Témoignages : comment d’autres familles ont vécu les premières séparations
- « Le jour de la première séparation avec ma fille a été plus difficile pour moi que pour elle. Sa nounou nous a proposé de rester un quart d’heure, puis je l’ai laissée pour une petite heure. Quelques pleurs, mais au retour, elle riait dans les bras de sa nouvelle copine. » (Maud, maman d’une petite de 10 mois)
- « On a créé un petit jeu avec mon fils chaque matin avant de partir à la crèche. Il choisit le bisou « magique » du jour (sur le front, le nez, la main), ça fait sourire tout le monde et lance la journée plus sereinement. » (Guillaume, papa solo)
- « Lorsqu’on a confié notre bébé pour la première fois à ses grands-parents, j’ai préparé un mini-album photo maison avec nos visages, glissé à côté de son doudou. Les grands-parents adoraient le feuilleter avec lui, et ça nous rassurait tous ! » (Nadia et Fabrice, jeunes parents)
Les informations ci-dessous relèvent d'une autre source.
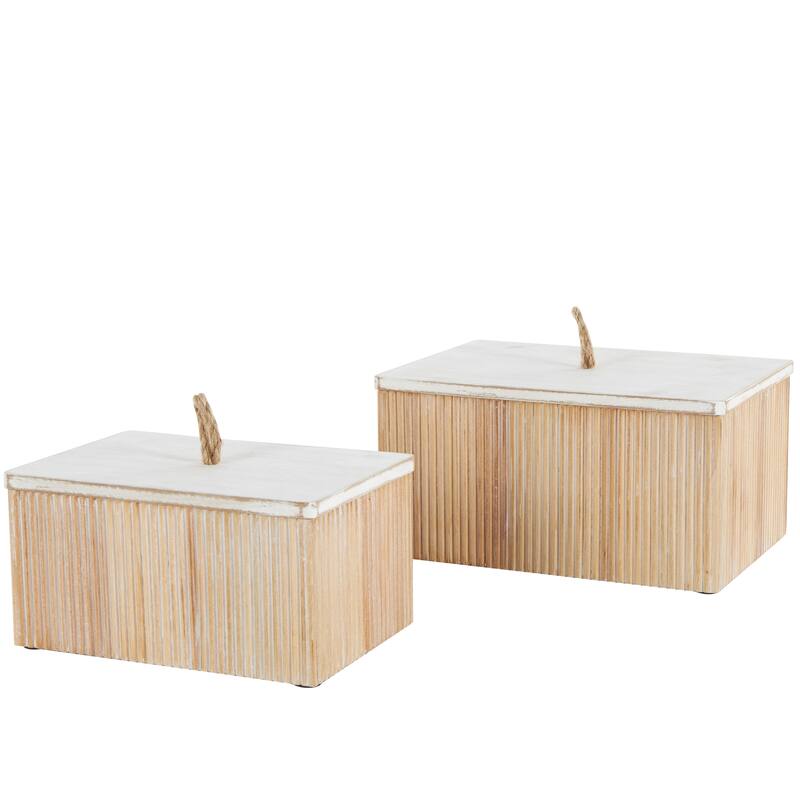 Brown or Cream Wooden Box with White Washed Wood Lids (Set of 2)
En résumé : ce qu’on gagne à apprivoiser les séparations dès le plus jeune âge
- Bébé apprend que les séparations font partie de la vie, mais que les retrouvailles sont toujours au rendez-vous.
- Les parents favorisent l’autonomie, tout en consolidant le lien de confiance.
- La famille apprend à s’adapter, à demander de l’aide et à cultiver la bienveillance envers ses propres émotions.
- Chaque expérience, même imparfaite ou chargée d’émotions, prépare à de nouveaux défis familiaux à venir : accueil chez l’assistante maternelle, rentrée en maternelle, nuits chez les copains…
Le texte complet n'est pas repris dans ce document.